I don't know what happened to him after that, but I believe that on the way to Moroto, Dodoth men extracted information from him, because right after we got back to Morukore, they said another raid was coming. The Teutho in the hills had started the alarm.

The men of Lomurri's neighborhood held another sacrifice. This time there was a problem with the ox. The previous sacrifice had indicated that the next sacrifice should be a red ox, and they knew of a red ox, but the owner didn't want to give him. Only after much pressure did the owner very reluctantly agree, and the herd was brought near. The ox was identified, and some men then tried to drive him to the sacred tree. But he ran in a huge circle around the tree and back to his herd. His owner then insisted that he wasn't the right ox, but the other men believed differently and tried again to bring him to the tree. Again the ox made a big circle around the tree and ran back to the herd. All this time the owner was violently protesting, saying that such behavior showed that the red ox was not the ox to sacrifice and that the men should find another, but by then some men had gathered a few other cattle to accompany the victim and drove them together to the tree. With the other cattle at his side, the red ox wasn't as frightened. He came to the tree and the men there were able to kill him. The owner was a mature man and a seasoned warrior with scars on his upper body to show he had killed enemy warriors, but when his ox died, he burst into tears.

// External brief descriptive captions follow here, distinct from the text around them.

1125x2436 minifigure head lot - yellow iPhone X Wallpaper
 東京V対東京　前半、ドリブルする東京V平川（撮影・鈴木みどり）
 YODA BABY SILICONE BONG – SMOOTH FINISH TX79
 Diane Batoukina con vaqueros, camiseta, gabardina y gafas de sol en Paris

Despite the sacrifice, a raid took place that same afternoon, again not at Morukore, but at a neighborhood out on the plain. Raiders killed a man and a woman and made off for the Rift Valley with perhaps fifty cattle. The next day at Lomurri's
etem
I asked the gathering if this meant the sacrifice had been unsuccessful.

Not at all, the men said. The benefits came just at the right time. If the people had not bargained and argued with the owner of the ox, or if the ox had been killed the first or second time he was brought to the tree, the benefits would have come too soon. Instead, the ox was speared just as the Turkanas were approaching. Also the ox of his own free will had run in a circle for almost half a mile, casting a widespread circle of protection which saved the dwellings of all the people present by keeping the Turkanas away. As for the man whose dwelling was raided, if he hadn't refused to come to the sacrifice, he would still be alive.

 

Soon after that, early one morning, we again heard the alarm call in the distance. It came from a hill in the north, then from another hill, then from a third hill, then from a fourth. Then it passed by us to the south. Someone far away was shouting “Ngimoe,” which means “enemies,” and at the top of Morukore a little white dog named Emuthugut, which means “white person,” began to bark and then to howl. He knew that danger was coming.

The doorways in the stockade dwellings were only about three feet high—you had to go through on hands and knees, vulnerably presenting the back of your neck—and in the early morning light we saw Lomurri crawling out of his stockade dragging his spear and an ox horn. The horn was a trumpet, which he blew, a call to assemble. Already about thirty men were massed in a grove beside our camp, their spears stacked against a tree just as soldiers stack rifles. The men had been waiting for Lomurri, and when he appeared they started off.

Lomurri called some of them back and asked me to drive them to the north. The vehicle would get there sooner, he said, and he wanted to cut off the raiders before they got anywhere near the Morukore cattle. I was somewhat worried, but I would have done anything for Lomurri, and I still thought that cars were bulletproof, so I asked the men to get in the car with their spears pointed backward, if they didn't mind, in case we had to stop suddenly. They didn't mind. “Hurry, Mother of John,” they said, and we went.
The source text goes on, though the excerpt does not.